Top of INPUT RECORDS
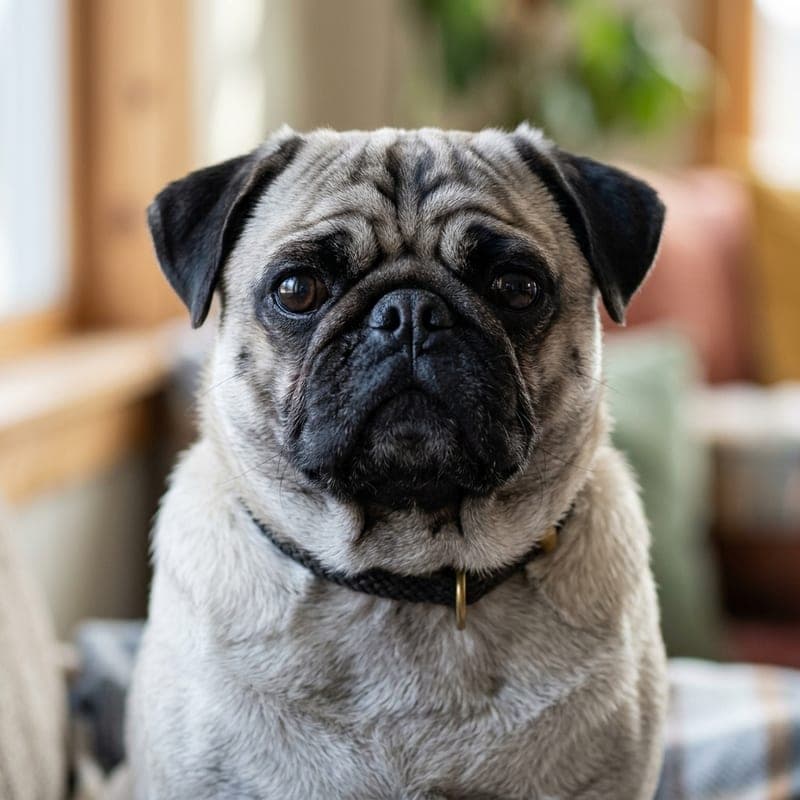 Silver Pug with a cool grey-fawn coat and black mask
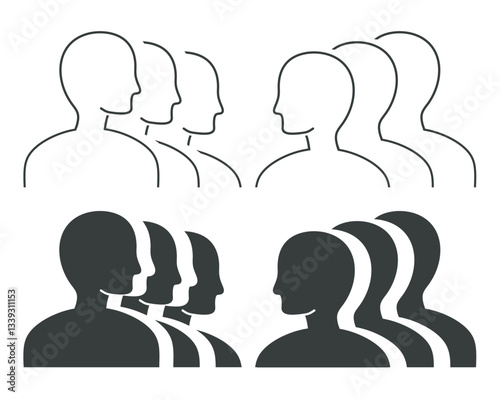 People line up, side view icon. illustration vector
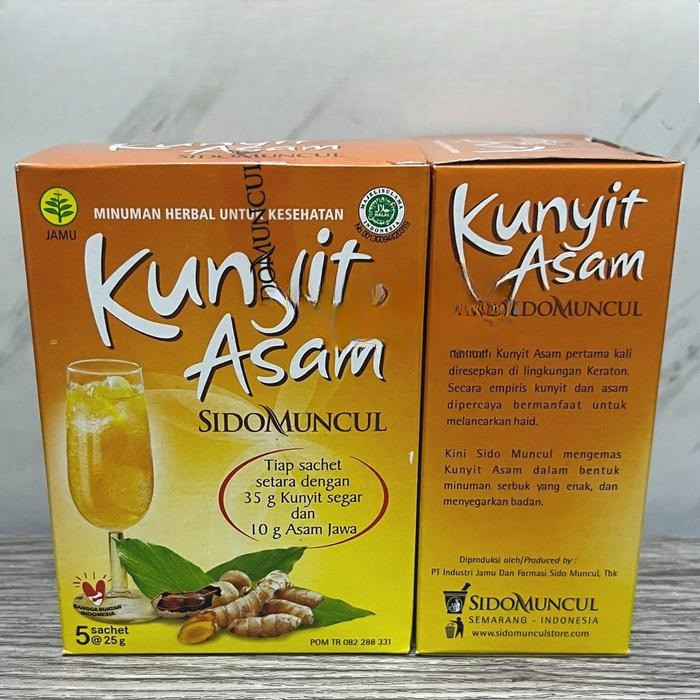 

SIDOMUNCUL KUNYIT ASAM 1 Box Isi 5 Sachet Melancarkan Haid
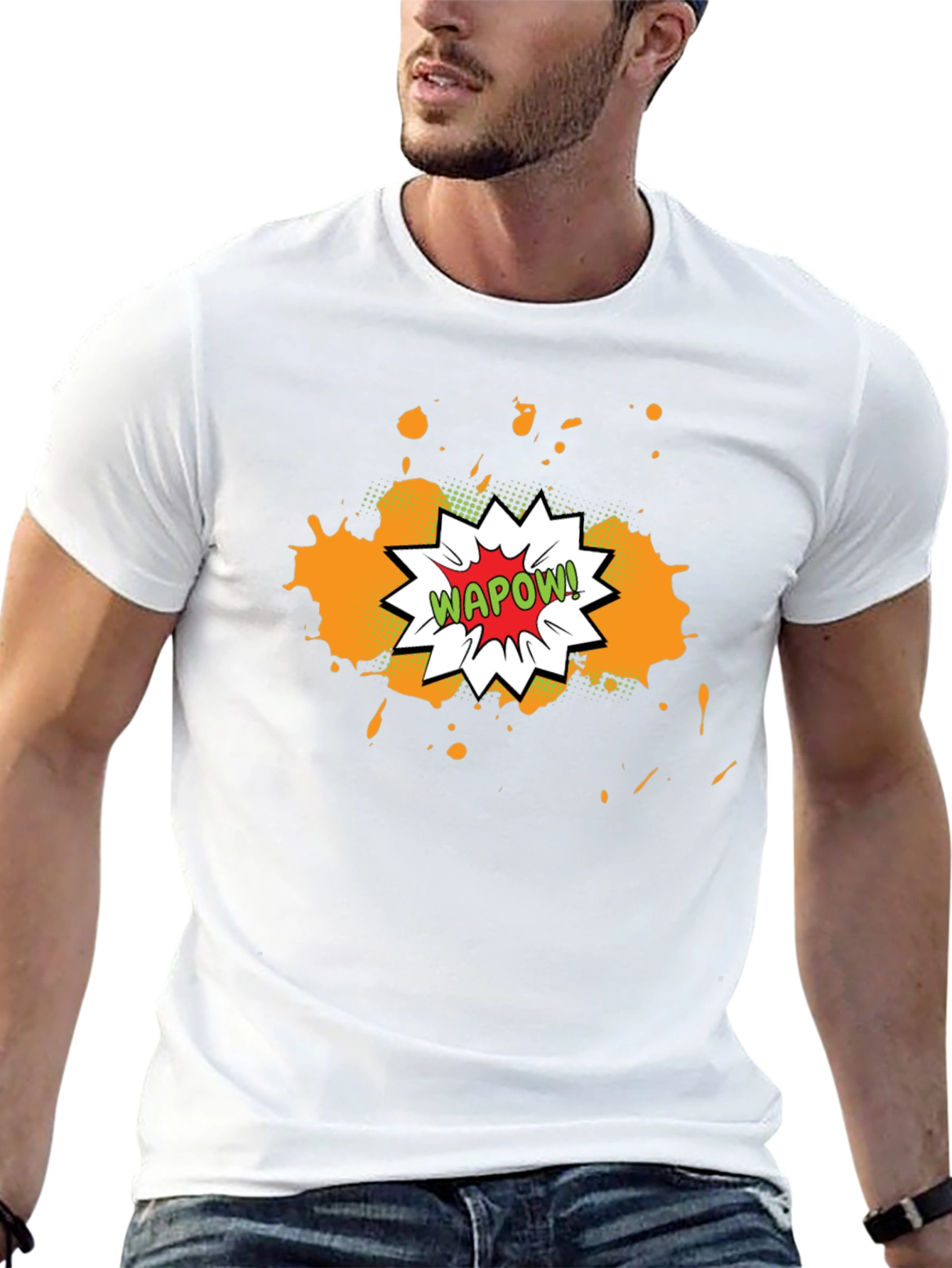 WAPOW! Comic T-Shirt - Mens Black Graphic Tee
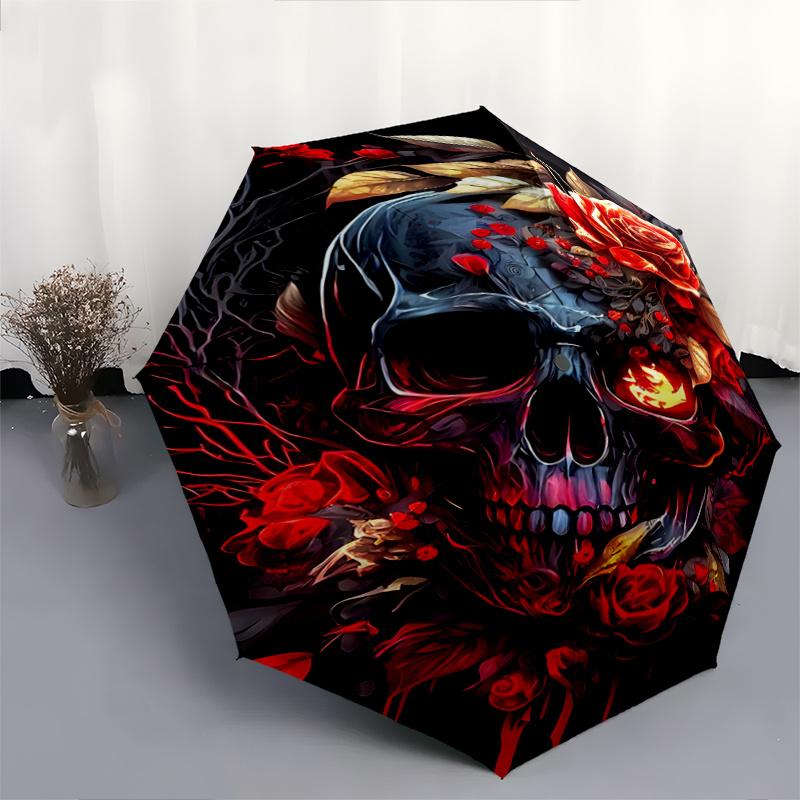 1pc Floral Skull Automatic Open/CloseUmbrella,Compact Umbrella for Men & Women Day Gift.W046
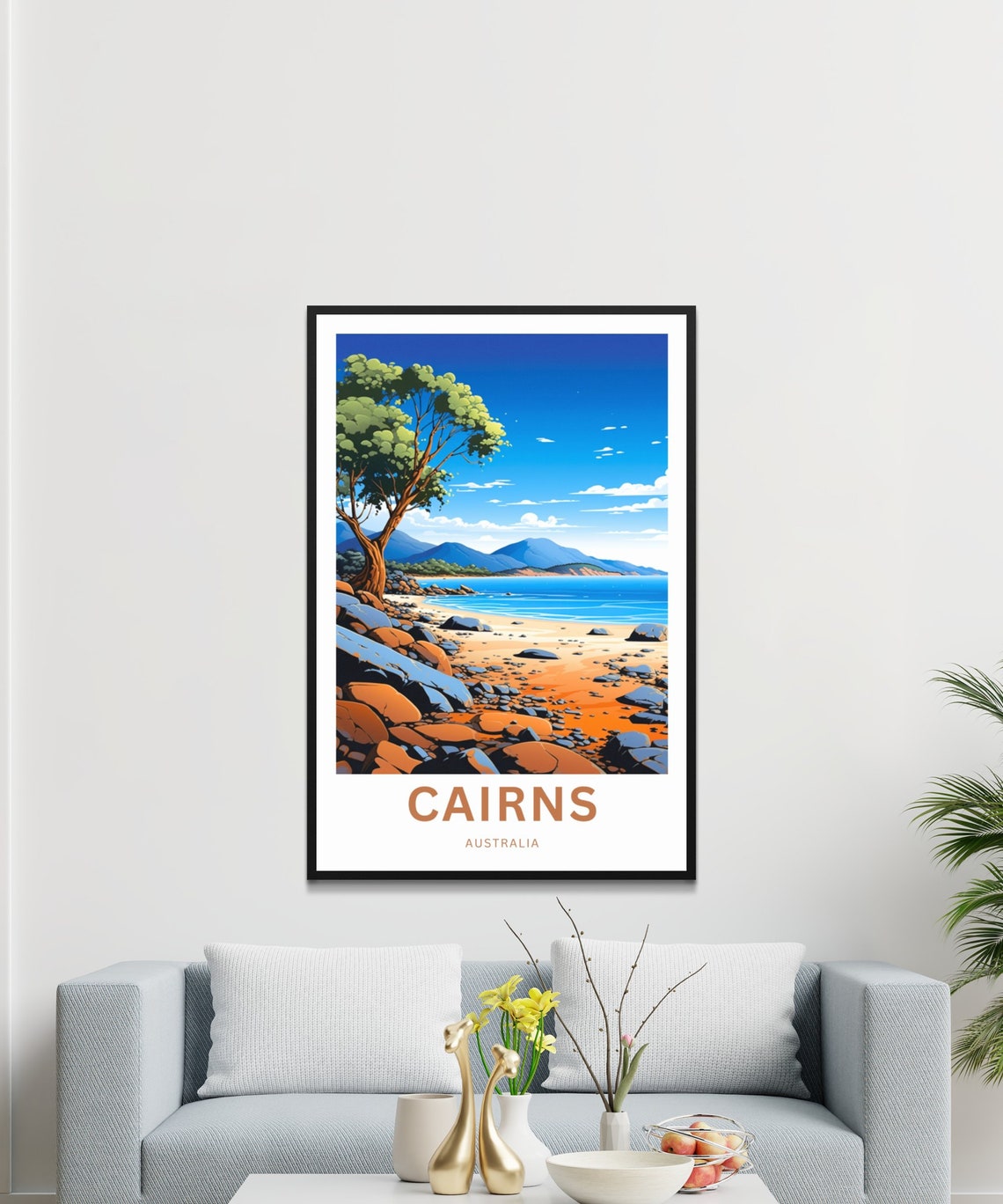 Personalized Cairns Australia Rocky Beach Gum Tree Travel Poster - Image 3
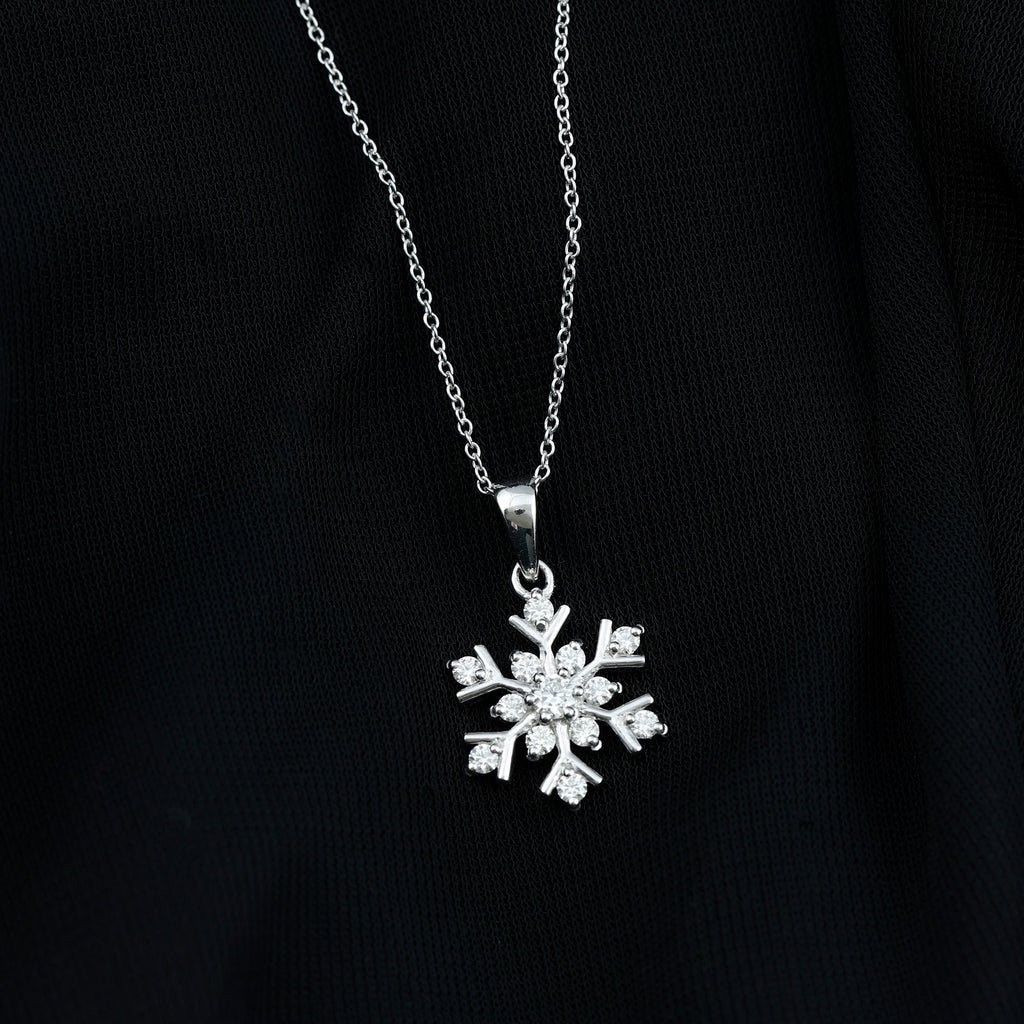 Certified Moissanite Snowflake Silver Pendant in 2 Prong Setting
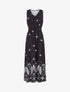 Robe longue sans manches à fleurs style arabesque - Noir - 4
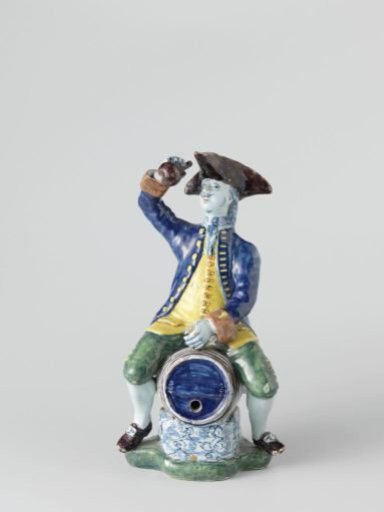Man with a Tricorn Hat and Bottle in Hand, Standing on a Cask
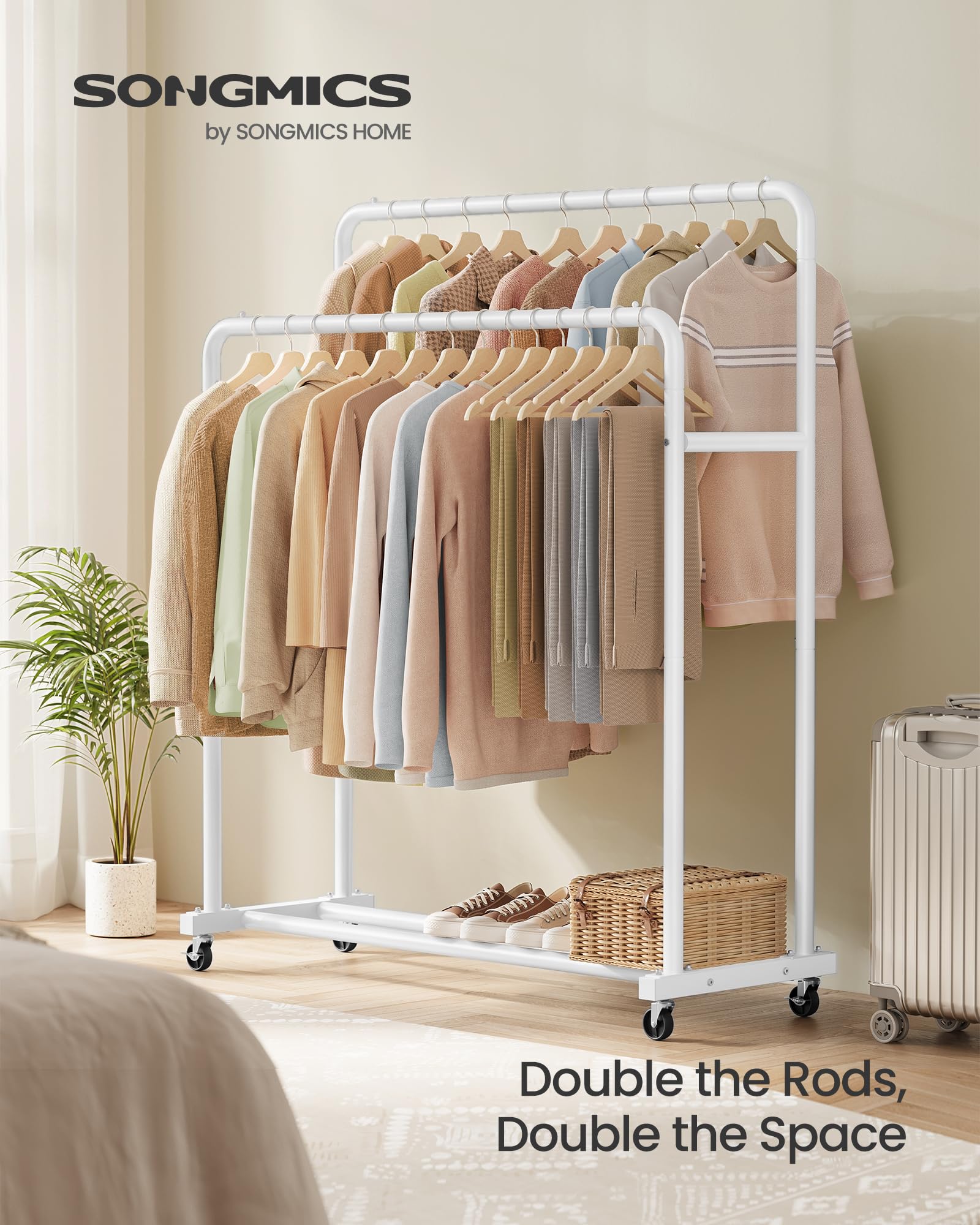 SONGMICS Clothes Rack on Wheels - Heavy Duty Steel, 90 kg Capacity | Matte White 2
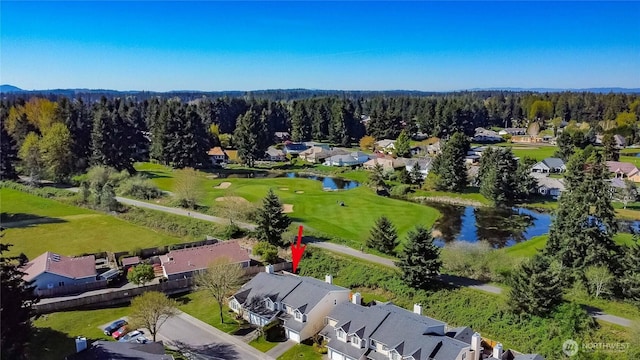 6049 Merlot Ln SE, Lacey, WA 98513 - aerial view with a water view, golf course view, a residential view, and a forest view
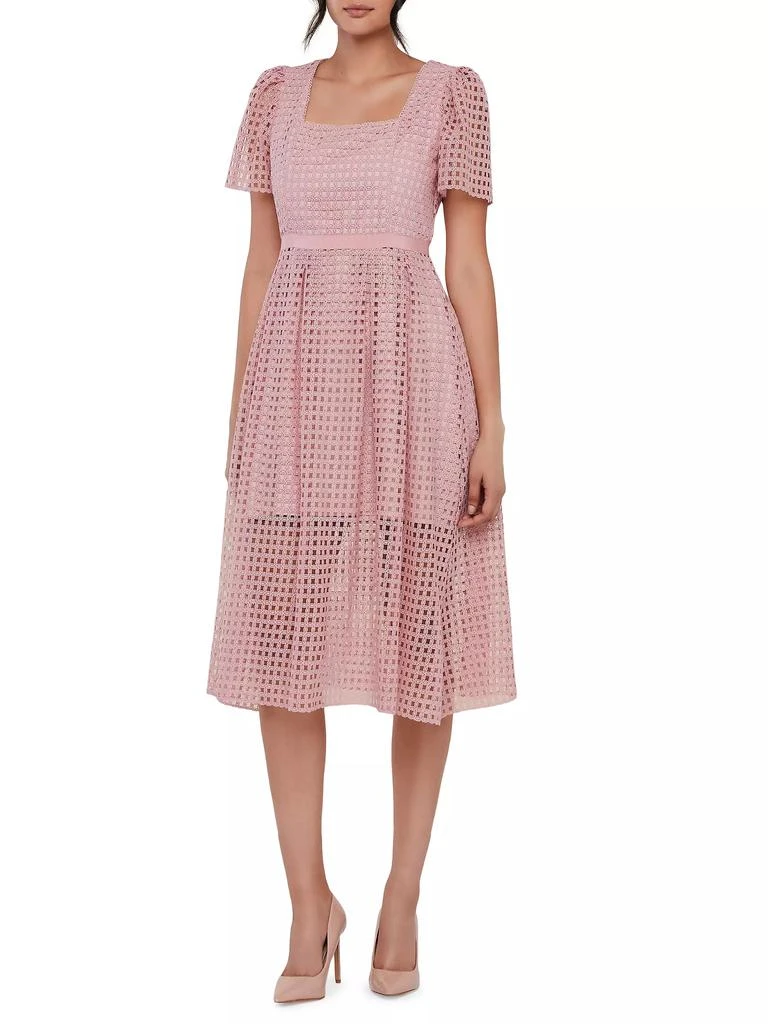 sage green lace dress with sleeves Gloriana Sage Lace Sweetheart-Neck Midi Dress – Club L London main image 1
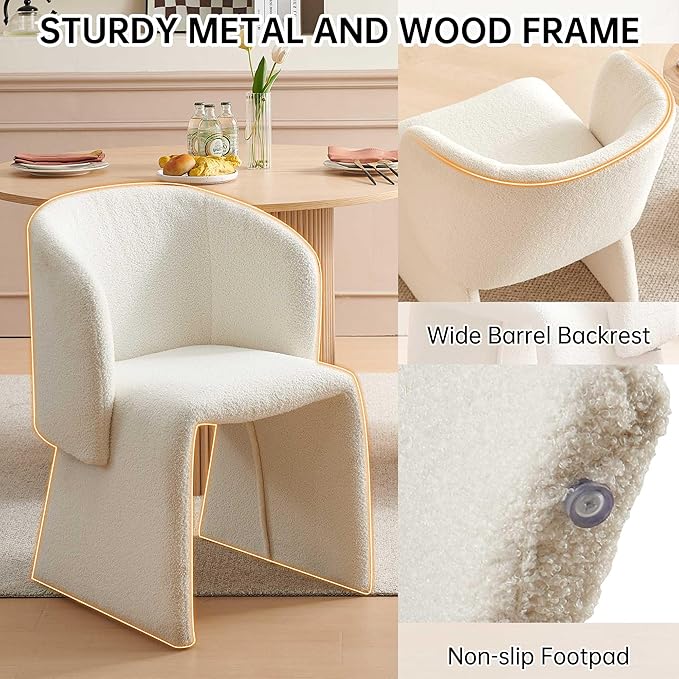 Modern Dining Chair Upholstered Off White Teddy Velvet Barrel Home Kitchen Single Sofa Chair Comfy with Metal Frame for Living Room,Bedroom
Bottom of INPUT RECORDS
» **YOUR OBJECTIVE**
Output every line of the records exactly, excluding all pictures.

» **WRITTEN SOLUTION**
 Silver Pug with a cool grey-fawn coat and black mask
 People line up, side view icon. illustration vector

SIDOMUNCUL KUNYIT ASAM 1 Box Isi 5 Sachet Melancarkan Haid
 WAPOW! Comic T-Shirt - Mens Black Graphic Tee
 1pc Floral Skull Automatic Open/CloseUmbrella,Compact Umbrella for Men & Women Day Gift.W046
 Personalized Cairns Australia Rocky Beach Gum Tree Travel Poster - Image 3
 Certified Moissanite Snowflake Silver Pendant in 2 Prong Setting
 Robe longue sans manches à fleurs style arabesque - Noir - 4
Man with a Tricorn Hat and Bottle in Hand, Standing on a Cask
 SONGMICS Clothes Rack on Wheels - Heavy Duty Steel, 90 kg Capacity | Matte White 2
 6049 Merlot Ln SE, Lacey, WA 98513 - aerial view with a water view, golf course view, a residential view, and a forest view
 sage green lace dress with sleeves Gloriana Sage Lace Sweetheart-Neck Midi Dress – Club L London main image 1
 Modern Dining Chair Upholstered Off White Teddy Velvet Barrel Home Kitchen Single Sofa Chair Comfy with Metal Frame for Living Room,Bedroom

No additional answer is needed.